Wednesday, May 23, 2007

Offshore Hypocrisy

Why Is It Always The Dems Who Do This?
Election Year Hypocrisy Hits the Offshore World
History has a way of repeating itself.
Democratic presidential candidate, millionaire John Edwards, is employed as a part-time consultant for a Cayman Islands hedge fund that is paying him US$480,000. Edwards has campaigned, both in 2004 and this year, against the use of offshore tax shelters, and what the Wall Street Journal calls "the supposed rising tide of U.S. inequality and the plight of the American worker."

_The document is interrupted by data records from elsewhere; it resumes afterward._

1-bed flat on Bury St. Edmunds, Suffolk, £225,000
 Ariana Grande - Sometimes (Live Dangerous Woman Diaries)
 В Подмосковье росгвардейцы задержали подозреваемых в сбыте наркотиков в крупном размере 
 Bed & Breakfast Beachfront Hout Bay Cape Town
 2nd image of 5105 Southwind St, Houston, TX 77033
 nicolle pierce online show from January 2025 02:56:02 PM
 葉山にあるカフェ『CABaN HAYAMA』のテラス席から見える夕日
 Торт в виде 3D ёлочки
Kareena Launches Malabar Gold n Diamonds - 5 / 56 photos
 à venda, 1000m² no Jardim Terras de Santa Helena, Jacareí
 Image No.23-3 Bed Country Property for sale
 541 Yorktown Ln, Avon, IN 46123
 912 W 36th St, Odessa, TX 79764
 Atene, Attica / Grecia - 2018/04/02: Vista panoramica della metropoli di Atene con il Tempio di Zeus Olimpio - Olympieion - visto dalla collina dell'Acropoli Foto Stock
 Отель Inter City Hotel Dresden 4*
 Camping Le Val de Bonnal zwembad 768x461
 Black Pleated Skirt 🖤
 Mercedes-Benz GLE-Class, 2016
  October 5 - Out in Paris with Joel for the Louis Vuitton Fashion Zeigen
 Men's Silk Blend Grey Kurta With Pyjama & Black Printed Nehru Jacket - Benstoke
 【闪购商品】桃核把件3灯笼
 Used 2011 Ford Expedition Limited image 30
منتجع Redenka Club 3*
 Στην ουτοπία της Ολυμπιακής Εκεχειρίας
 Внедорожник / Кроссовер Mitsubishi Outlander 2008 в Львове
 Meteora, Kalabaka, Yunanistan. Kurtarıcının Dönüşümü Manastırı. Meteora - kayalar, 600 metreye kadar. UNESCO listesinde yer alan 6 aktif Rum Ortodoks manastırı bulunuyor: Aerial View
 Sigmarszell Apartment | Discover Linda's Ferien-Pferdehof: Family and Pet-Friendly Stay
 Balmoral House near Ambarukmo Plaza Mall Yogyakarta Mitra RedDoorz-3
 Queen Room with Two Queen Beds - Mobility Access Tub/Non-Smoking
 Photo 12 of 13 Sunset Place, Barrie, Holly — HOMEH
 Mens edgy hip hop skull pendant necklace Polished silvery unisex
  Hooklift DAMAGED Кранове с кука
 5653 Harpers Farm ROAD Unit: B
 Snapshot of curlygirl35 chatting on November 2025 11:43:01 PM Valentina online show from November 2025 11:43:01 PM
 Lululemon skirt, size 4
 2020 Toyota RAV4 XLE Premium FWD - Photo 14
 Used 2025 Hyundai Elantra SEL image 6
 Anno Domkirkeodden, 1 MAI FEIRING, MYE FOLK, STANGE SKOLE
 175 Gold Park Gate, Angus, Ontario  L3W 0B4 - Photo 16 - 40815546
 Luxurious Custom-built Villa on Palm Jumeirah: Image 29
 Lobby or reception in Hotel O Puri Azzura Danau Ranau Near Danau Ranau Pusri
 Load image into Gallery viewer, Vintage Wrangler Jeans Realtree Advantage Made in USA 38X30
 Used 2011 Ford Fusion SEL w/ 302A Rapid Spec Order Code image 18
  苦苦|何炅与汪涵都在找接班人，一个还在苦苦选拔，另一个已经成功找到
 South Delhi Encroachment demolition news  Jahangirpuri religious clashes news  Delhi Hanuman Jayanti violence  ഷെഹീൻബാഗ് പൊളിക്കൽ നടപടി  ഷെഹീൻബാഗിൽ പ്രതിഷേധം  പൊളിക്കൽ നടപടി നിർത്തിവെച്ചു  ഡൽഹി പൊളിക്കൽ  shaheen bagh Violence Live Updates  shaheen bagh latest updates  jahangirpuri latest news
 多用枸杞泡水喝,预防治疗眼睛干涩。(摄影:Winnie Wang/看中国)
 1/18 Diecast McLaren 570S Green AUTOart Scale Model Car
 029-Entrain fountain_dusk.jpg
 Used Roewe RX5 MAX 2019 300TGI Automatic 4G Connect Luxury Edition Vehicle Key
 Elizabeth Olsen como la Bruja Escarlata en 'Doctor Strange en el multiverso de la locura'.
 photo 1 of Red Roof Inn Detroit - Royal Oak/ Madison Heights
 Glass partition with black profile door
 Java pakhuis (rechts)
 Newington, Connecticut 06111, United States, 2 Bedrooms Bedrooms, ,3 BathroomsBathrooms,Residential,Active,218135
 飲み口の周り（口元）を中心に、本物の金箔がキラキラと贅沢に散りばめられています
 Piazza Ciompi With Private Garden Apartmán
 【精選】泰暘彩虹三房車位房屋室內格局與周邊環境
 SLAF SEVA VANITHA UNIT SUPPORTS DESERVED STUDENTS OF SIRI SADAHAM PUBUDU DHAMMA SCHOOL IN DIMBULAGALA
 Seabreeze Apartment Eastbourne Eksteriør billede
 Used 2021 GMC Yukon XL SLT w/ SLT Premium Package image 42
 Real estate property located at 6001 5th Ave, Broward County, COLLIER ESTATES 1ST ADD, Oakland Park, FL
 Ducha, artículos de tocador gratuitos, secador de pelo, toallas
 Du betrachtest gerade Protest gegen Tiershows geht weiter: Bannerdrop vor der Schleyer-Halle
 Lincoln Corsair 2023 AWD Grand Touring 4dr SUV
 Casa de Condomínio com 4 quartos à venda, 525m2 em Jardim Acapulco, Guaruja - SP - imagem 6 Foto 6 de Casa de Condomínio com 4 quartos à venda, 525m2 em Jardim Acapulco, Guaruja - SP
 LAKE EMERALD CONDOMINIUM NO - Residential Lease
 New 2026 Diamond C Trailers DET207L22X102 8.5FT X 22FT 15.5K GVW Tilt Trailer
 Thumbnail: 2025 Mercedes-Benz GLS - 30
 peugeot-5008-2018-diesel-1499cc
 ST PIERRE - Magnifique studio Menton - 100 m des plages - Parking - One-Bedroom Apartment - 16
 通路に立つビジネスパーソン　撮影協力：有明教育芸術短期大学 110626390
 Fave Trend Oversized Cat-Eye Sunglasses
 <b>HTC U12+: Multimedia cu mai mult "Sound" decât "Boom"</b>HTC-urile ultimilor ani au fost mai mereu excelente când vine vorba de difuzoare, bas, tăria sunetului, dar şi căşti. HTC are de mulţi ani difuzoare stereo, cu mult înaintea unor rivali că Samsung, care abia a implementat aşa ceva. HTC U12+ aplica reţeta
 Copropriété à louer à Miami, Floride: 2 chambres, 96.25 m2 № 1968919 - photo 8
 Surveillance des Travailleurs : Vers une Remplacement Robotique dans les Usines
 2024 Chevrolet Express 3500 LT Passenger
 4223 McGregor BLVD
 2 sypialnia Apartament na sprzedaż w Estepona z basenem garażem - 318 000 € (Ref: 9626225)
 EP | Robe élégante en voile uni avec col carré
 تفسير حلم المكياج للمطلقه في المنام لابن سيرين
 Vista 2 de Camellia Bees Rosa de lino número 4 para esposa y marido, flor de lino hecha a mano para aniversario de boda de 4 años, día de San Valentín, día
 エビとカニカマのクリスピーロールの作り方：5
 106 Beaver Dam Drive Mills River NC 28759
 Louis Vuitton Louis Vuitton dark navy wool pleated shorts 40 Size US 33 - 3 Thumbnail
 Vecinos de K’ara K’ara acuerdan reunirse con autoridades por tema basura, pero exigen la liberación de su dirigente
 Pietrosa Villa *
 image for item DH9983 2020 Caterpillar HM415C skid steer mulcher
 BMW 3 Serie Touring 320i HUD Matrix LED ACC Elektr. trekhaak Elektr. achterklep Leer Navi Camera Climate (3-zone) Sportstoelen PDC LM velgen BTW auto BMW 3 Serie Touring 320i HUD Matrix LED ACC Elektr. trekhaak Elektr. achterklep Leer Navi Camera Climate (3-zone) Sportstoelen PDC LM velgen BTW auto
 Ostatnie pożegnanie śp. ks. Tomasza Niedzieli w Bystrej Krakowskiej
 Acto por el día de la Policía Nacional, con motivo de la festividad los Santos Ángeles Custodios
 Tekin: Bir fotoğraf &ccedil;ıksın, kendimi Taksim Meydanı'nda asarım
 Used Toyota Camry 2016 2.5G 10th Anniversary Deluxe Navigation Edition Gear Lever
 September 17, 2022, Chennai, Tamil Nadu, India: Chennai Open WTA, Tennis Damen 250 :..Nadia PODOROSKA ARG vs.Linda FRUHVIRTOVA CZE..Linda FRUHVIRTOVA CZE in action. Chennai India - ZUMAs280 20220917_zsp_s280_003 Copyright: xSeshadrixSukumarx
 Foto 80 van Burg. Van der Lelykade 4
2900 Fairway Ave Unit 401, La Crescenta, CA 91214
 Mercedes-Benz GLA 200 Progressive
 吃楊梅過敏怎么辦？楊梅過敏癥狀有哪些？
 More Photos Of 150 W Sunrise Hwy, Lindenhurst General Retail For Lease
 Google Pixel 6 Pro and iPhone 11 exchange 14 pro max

You might remember that similar hypocrisy was shown in the 2004 presidential campaign. At the time, Democratic candidate John Kerry also denounced American corporations that moved their operations offshore to avoid high corporate taxes in the U.S., which by the way is a completely legal move. One of Kerry's best campaign applause lines is his pledge to end tax breaks for what he calls 'Benedict Arnold' firms that move offshore to places such as Bermuda.
In the Massachusetts senator's case, it turned out that not only did he have a trust fund in the Cayman Islands, his wife, Teresa, invested offshore. She earned a tidy profit by investing in one of the U.S. companies that had moved offshore to cut taxes. She made as much as US$200,000 in 2002 by selling shares in Ingersoll Rand, after it relocated to Bermuda the year before.
I have commented several times recently about offshore tax havens having been made a whipping boy for liberal senators such as Levin and Dorgan. Both of these senators have introduced blacklist legislation that paints tax havens as places where Americans evade taxes. It looks as if this attack will be a staple of presidential politics as well.
Forewarned is forearmed...now might be the time to take advantage of opportunities offshore, while you still can.